Sweden Does Not Look Good On Paper Anymore
In Sweden, the chicks are hot but the economy is not.
Economist Johnny Munkhammar discusses in TCS how Sweden's Big State economics has led to its slide from high growth in the early 1990's to serious economic regression. He provides many statistics and concludes:
If Sweden were a state in the US, it would be the fifth poorest. During the past 15 years, average annual growth has been 1.4 percent -- lower than the average for the US, the OECD and the EU...The unofficial total unemployment is some 20 percent. In the EU-15 between 1995 and 2003, employment grew more in 11 EU countries than in Sweden. In 2004, according to UNCTAD, only 12 countries out of 183 in the survey had a net outflow of investments -- the basis for any job creation -- and one of them was Sweden...During the last year, according to the Index of Economic Freedom by the Heritage Foundation and Wall Street Journal, 18 EU countries increased their economic freedom, but Sweden had the lowest score in five years.

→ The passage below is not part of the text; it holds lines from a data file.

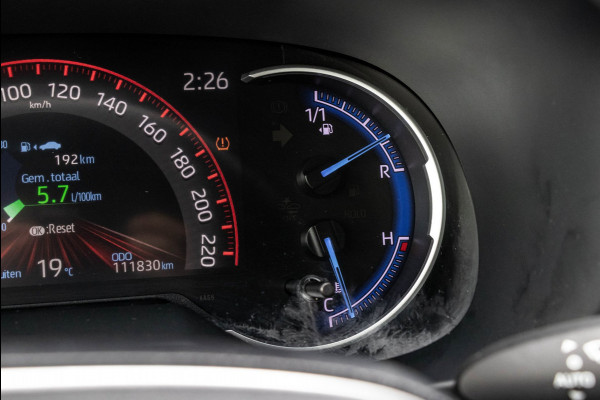Toyota RAV4 2.5 Hybrid Style I Camera I JBL I Half Leder I Adaptive Cruise I Stoelverwarming I CarPlay I Keyless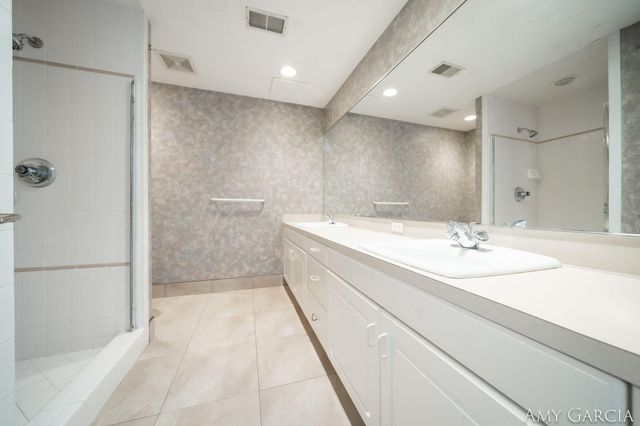 7405 Old Lantern Drive SE, Caledonia, MI 49316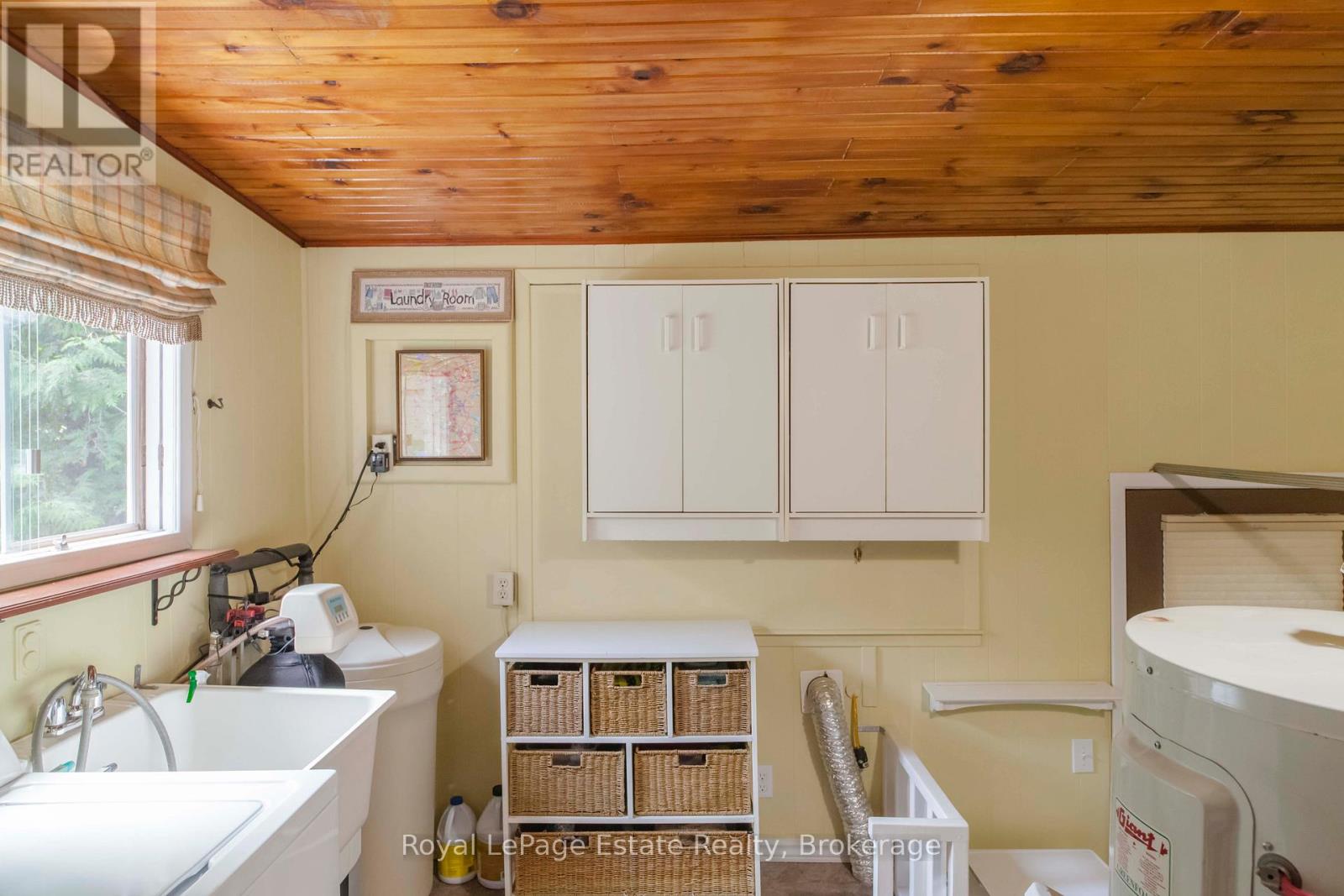 371 Bay Street, South Bruce Peninsula, Ontario  N0H 2T0 - Photo 41 - X12261246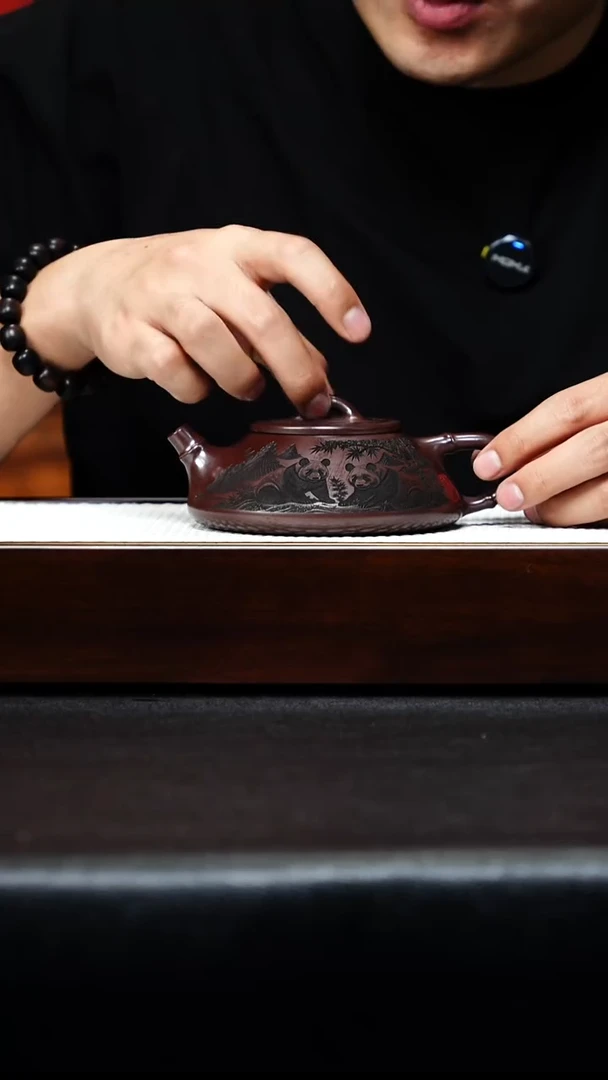 茶壶紫砂宜兴紫砂 竹嘴 石瓢石红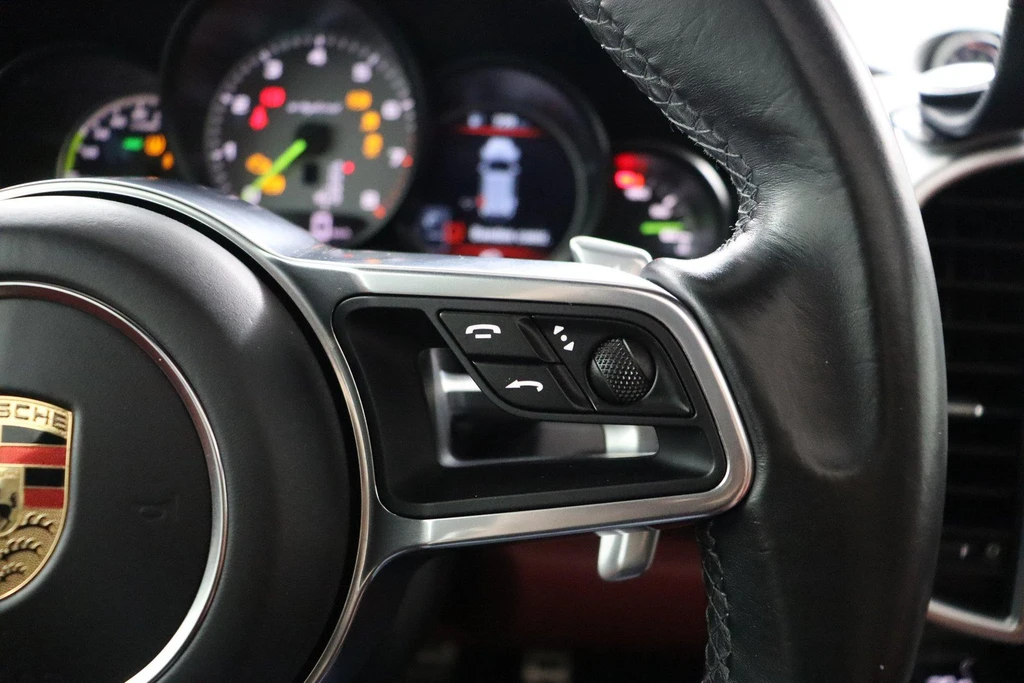 Porsche Cayenne – foto 16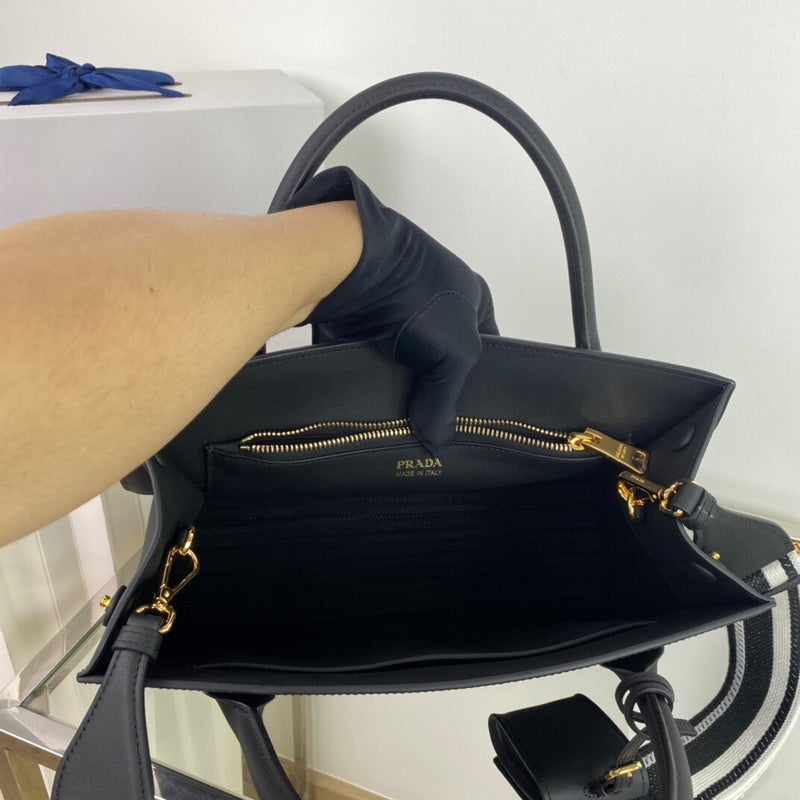 Luxurious Totes - Latest - 4573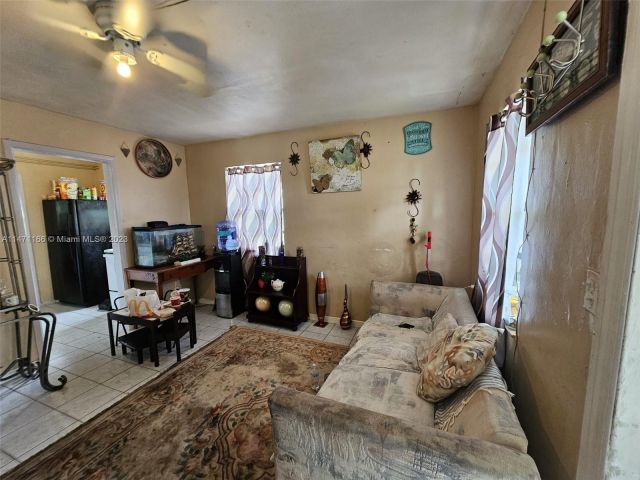 4-bedroom home for sale in Fort Lauderdale - 1817 NW 25th Ave - MondialRealty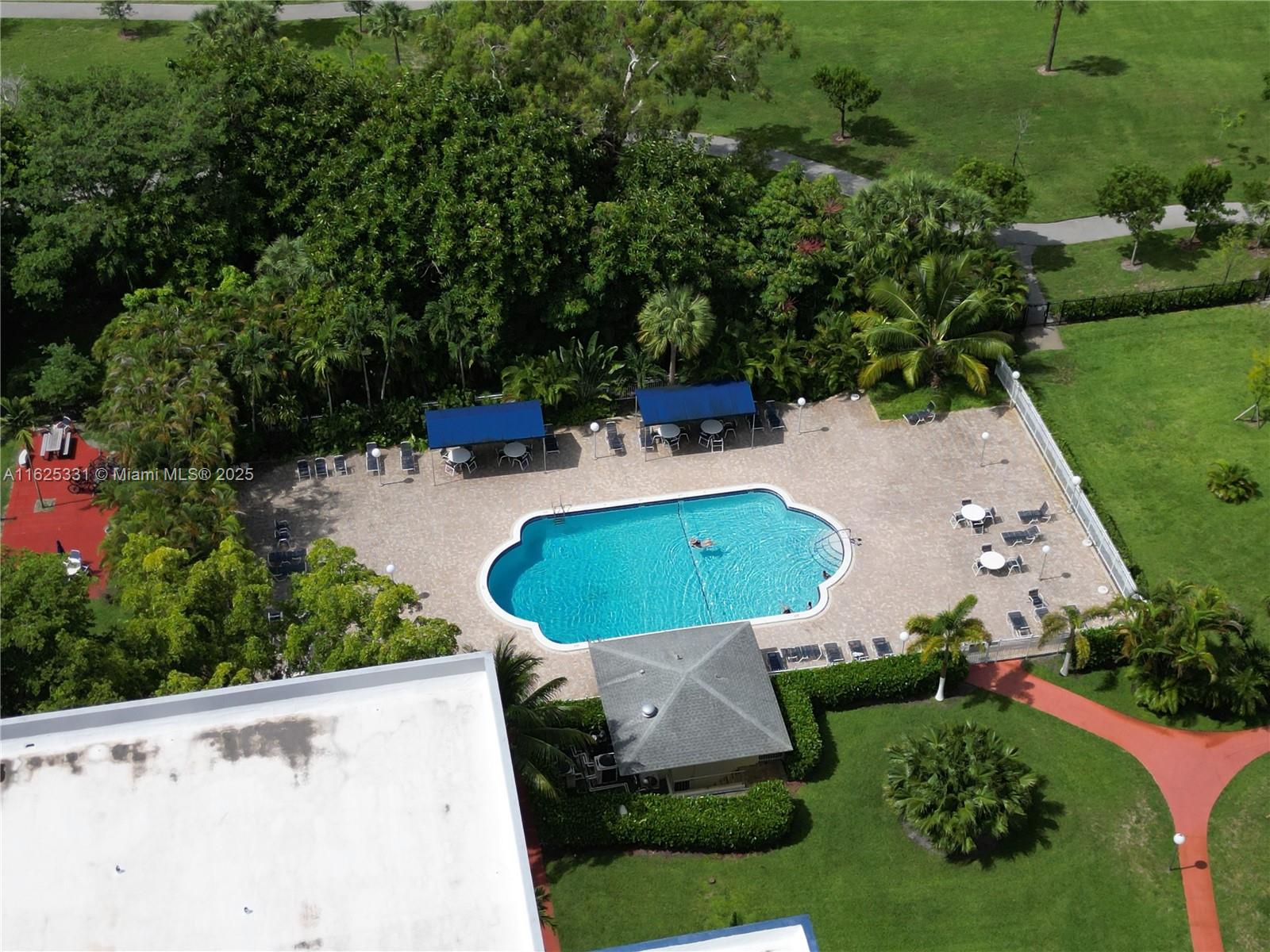 HILLCREST NO 21 CONDO - Residential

Note: The outflow of investments harmed growth and employment. The US with its feared trade deficit has a great inflow of investments from its trade partners. So mush for that dire statistic.
Sweden has a combination of free market programs with statist policies. Unfortunately, the past decade saw an ascendance of the Social Democrats who have avoided free market solutions for the sake of "security". Thus, their "public health-care system is coming apart at the seams". Typical of socialist medicine, there are massive waits for medical services. Per Munkhammar, similar deterioration is seen in public education and elderly care.